[Directions for this task]
Each record that follows is to be duplicated exactly, though its pictures are not.
*** Opening of Exercise material ***
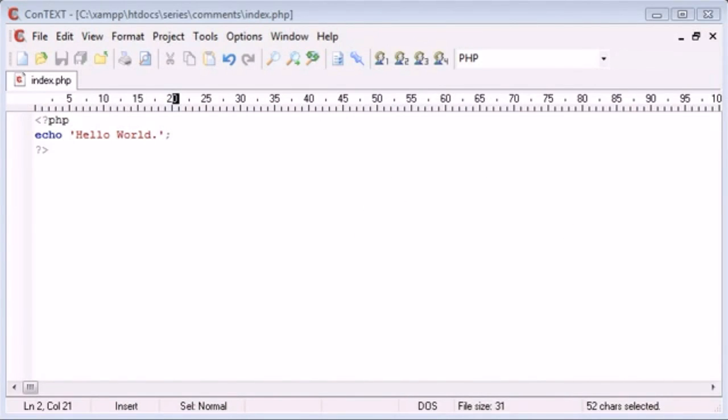Hello, this is Alex from phpacademy.org and this is a video tutorial for The New Boston. In this tutorial we're going to be covering comments inside PHP.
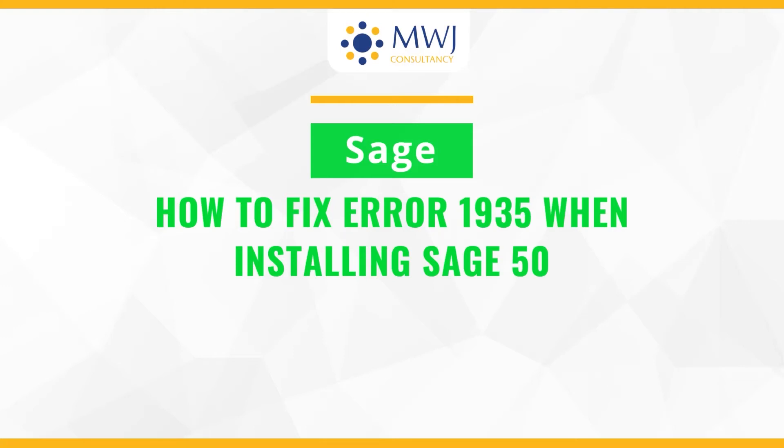How to fix error 1935 when installing Sage 50. Three quick solutions.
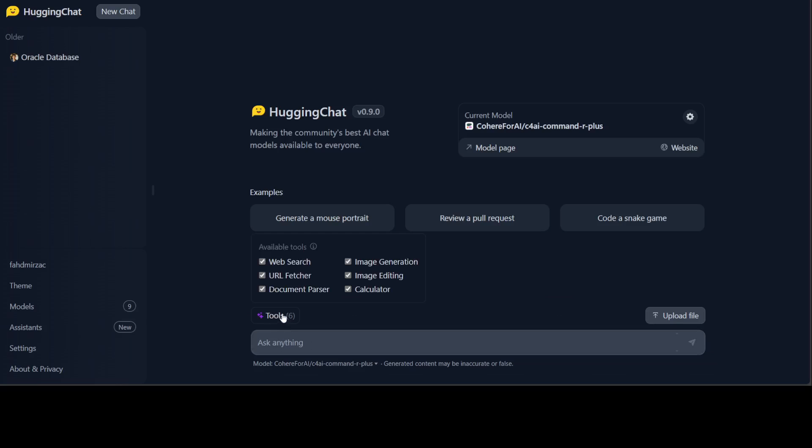Just click on Tools and there are six tools available. There is web search which allows you to query the internet and do some retrieval augmented generation on retrieved content against the user query. This is hosted by Hugging Face itself. Then we have URL fetcher, so you just give it a URL and it fetches the content from there. Then there is a calculator, a simple calculator for evaluating mathematical expressions. These are Hugging Chat's internal tools. Then the rest of the three, which includes document parser, image generation, and image editing, are hosted on Zero GPU space.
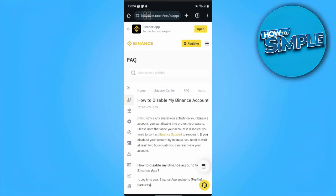First of all, you want to take note that there is no way to just change or convert your Binance Entity Account to a Personal Account. But what you can do is disable your Binance Account and open a new one.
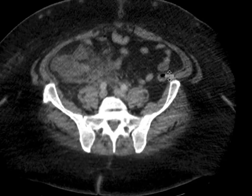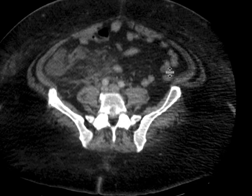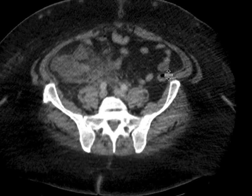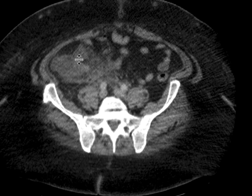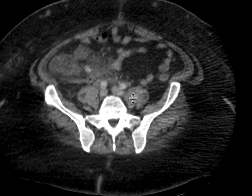Looking in more detail, we can see that this is the cecum over here. This is the terminal ileum joining it. Really coming from the cecum is this structure, and it contains a high-density focus.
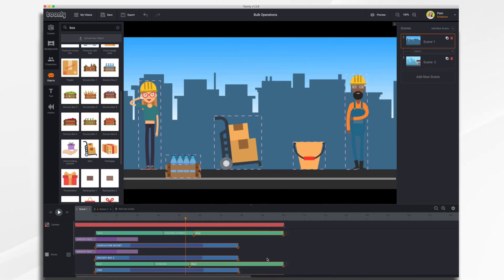And there you have it — bulk operations in Toonely. Thanks for watching.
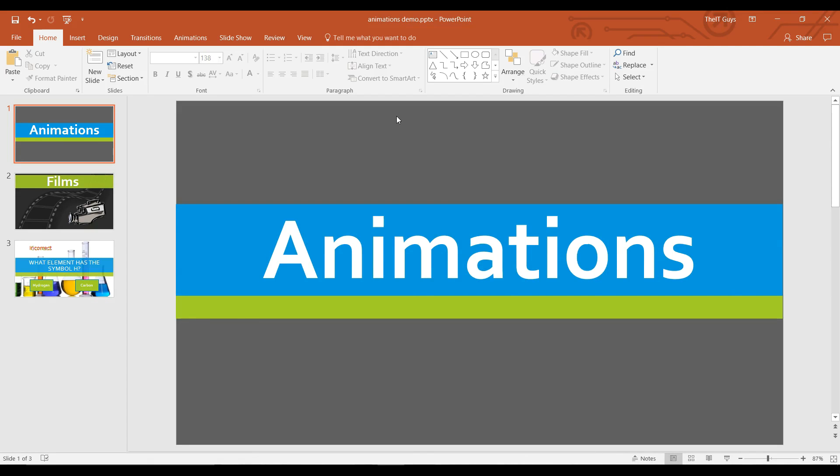Hello it's the ITGuys99 and welcome back to Microsoft PowerPoint 2016. Today we're going to be looking at the animation effects in Microsoft PowerPoint.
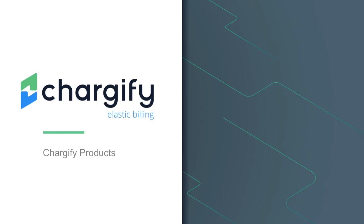In the following tutorial, we'll review how you can get started creating and using products in Chargify.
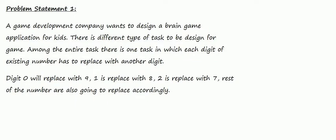Problem statement one: A game development company wants to design a brain game application for kids. There is a different type of task to be designed for the game. Among the entire task, there is one task in which each digit of an existing number has to be replaced with another digit. Digit zero will replace with nine, one is replaced with eight, two is replaced with seven.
*** Close of Exercise material ***
[Exercise output]
Hello, this is Alex from phpacademy.org and this is a video tutorial for The New Boston. In this tutorial we're going to be covering comments inside PHP.
How to fix error 1935 when installing Sage 50. Three quick solutions.
Just click on Tools and there are six tools available. There is web search which allows you to query the internet and do some retrieval augmented generation on retrieved content against the user query. This is hosted by Hugging Face itself. Then we have URL fetcher, so you just give it a URL and it fetches the content from there. Then there is a calculator, a simple calculator for evaluating mathematical expressions. These are Hugging Chat's internal tools. Then the rest of the three, which includes document parser, image generation, and image editing, are hosted on Zero GPU space.
First of all, you want to take note that there is no way to just change or convert your Binance Entity Account to a Personal Account. But what you can do is disable your Binance Account and open a new one.
Looking in more detail, we can see that this is the cecum over here. This is the terminal ileum joining it. Really coming from the cecum is this structure, and it contains a high-density focus.
And there you have it — bulk operations in Toonely. Thanks for watching.
Hello it's the ITGuys99 and welcome back to Microsoft PowerPoint 2016. Today we're going to be looking at the animation effects in Microsoft PowerPoint.
In the following tutorial, we'll review how you can get started creating and using products in Chargify.
Problem statement one: A game development company wants to design a brain game application for kids. There is a different type of task to be designed for the game. Among the entire task, there is one task in which each digit of an existing number has to be replaced with another digit. Digit zero will replace with nine, one is replaced with eight, two is replaced with seven.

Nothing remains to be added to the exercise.